Americans were bewildered that participation in two world wars had not brought global security nor made the world safe for democracy, and were equally frustrated that, given their hegemony after 1945, conflicts in China, Korea, Cuba, Vietnam, and elsewhere could not be “won” in any meaningful sense. The reason for this had very much to do with another revolution in weaponry. Far from technology ~antiquating” the Second Amendment, the Country ideology was being validated on a global scale. Put succinctly, as the super powers emphasized ever more massive missile weapons of enormous sophistication and terrible destructiveness, these weapons, when they functioned at all, had virtually no flexibility in bringing power to bear. At the same time, a global arms race, often pushed by the superpowers and prodded by competition from lesser states, was making weapons of an intermediate or appropriate technology avail able at lower costs to virtually anyone.

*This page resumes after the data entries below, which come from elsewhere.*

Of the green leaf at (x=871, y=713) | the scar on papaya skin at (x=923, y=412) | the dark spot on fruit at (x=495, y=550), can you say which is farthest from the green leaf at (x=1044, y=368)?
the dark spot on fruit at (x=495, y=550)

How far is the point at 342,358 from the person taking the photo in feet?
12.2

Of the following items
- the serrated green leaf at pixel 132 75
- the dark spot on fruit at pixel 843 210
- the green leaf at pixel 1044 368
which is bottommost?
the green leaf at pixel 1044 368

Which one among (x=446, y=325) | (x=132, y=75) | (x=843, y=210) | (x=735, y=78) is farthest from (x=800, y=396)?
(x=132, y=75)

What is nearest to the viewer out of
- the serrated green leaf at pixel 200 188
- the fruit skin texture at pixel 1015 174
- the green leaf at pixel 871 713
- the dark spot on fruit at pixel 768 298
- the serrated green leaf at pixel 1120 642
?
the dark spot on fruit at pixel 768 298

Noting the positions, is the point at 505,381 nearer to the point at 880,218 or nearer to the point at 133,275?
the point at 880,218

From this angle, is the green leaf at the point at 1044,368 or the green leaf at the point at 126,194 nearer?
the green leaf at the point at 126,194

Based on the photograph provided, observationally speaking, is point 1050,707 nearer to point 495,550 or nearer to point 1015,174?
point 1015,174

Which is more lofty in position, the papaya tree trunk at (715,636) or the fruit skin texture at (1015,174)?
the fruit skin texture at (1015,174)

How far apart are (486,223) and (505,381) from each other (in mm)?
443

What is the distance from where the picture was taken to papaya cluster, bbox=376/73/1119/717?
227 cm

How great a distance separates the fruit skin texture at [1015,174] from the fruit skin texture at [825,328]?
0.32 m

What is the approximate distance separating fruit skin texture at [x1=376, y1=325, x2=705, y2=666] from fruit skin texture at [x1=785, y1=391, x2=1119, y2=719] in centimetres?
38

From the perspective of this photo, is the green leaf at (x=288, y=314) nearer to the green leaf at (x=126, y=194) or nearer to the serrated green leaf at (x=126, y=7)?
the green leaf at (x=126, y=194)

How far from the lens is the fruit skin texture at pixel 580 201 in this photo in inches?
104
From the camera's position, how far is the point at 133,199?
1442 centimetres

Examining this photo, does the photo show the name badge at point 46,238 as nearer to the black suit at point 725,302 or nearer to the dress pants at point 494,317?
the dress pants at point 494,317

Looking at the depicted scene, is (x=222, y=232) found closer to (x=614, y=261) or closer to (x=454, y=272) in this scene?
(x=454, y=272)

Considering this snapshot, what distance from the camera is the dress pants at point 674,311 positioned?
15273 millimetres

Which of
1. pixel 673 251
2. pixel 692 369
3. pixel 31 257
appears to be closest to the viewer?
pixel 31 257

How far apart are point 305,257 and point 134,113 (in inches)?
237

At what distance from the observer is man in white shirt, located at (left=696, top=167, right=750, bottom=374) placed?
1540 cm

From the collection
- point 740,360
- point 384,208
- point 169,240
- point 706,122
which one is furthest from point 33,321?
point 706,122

To talk about national control in the face of this international competition is pointless.

THE SECOND REVOLUTION IN WEAPONRY

The first revolution in weaponry aided the rise of the monarchical national state and volunteer standing army at the expense of the aristocracy and mounted knight. In the American and French Revolutions, muskets were still unwieldy enough to give advantages to those with professional training. As Page Smith noted with respect to the American Revolution. the role of artillery in battles of position has been underemphasized. Even experienced infantry would break and run under bombardment.[60]

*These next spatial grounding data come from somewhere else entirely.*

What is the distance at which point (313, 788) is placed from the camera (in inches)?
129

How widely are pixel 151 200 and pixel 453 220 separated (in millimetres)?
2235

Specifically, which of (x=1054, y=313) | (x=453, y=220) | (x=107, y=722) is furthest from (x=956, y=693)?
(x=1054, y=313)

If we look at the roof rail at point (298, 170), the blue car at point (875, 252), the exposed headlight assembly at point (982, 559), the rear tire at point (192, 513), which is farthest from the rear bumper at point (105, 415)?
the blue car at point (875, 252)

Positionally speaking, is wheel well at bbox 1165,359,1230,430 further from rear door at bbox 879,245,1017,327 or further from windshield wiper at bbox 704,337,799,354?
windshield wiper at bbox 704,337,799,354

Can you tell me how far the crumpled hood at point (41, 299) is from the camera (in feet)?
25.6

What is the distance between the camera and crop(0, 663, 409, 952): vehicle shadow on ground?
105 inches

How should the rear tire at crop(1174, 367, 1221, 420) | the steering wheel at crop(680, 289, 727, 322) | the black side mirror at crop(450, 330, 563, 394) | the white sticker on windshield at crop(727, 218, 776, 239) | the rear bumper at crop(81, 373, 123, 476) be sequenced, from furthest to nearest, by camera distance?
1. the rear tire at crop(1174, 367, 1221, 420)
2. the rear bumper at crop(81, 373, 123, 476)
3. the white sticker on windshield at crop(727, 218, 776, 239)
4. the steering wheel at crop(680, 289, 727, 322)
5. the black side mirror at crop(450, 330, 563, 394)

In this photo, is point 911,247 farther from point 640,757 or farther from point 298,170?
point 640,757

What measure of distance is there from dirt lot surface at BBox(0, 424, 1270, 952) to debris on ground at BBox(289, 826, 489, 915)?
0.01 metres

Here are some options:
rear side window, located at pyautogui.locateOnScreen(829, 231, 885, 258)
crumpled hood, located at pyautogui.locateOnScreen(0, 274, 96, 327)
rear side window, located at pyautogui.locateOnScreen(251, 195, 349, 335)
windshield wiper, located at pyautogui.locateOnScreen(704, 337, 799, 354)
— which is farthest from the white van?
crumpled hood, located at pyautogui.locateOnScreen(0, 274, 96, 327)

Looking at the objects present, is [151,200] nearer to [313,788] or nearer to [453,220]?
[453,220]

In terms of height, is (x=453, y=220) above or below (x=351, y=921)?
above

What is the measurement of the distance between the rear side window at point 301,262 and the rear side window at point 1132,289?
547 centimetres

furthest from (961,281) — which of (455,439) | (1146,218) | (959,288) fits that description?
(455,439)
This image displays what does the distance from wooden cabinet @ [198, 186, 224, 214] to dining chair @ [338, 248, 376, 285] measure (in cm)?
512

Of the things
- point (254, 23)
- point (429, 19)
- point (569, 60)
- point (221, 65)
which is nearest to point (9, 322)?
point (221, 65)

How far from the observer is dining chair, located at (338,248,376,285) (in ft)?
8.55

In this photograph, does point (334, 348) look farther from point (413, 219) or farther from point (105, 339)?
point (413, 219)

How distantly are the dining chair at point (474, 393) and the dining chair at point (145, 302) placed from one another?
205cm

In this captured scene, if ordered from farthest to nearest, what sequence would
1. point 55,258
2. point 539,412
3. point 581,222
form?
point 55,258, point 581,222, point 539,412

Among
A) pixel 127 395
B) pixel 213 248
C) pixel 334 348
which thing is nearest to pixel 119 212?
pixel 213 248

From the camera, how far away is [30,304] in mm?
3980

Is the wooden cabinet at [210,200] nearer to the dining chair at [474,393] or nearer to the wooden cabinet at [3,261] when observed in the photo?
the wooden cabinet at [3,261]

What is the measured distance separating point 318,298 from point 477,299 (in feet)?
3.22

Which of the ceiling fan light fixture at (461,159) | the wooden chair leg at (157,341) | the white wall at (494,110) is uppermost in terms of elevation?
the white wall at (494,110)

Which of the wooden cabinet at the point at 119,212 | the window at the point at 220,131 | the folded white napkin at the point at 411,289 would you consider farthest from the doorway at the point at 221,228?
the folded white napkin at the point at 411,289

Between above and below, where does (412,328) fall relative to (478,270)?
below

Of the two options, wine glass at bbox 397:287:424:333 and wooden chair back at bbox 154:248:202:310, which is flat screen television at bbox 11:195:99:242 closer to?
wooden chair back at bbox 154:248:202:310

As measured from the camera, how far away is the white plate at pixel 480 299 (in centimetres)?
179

The real technological breakthrough occurred in the nineteenth century and included mass-produced guns, interchangeable parts, repeating and automatic rifles and machine guns with easy-to-load, dependable, mass-produced bullets. As Carroll Quigley observed, the battle of Petersburg in the American Civil War was the harbinger of the defensive stalemate when Western armies fought each other to a bloody standstill in World War I.[61] This stalemate was disguised by the ease with which western gunboats and advanced weapons opened up previously closed areas such as Japan and that great riverine giant, China, which appeared pitifully helpless.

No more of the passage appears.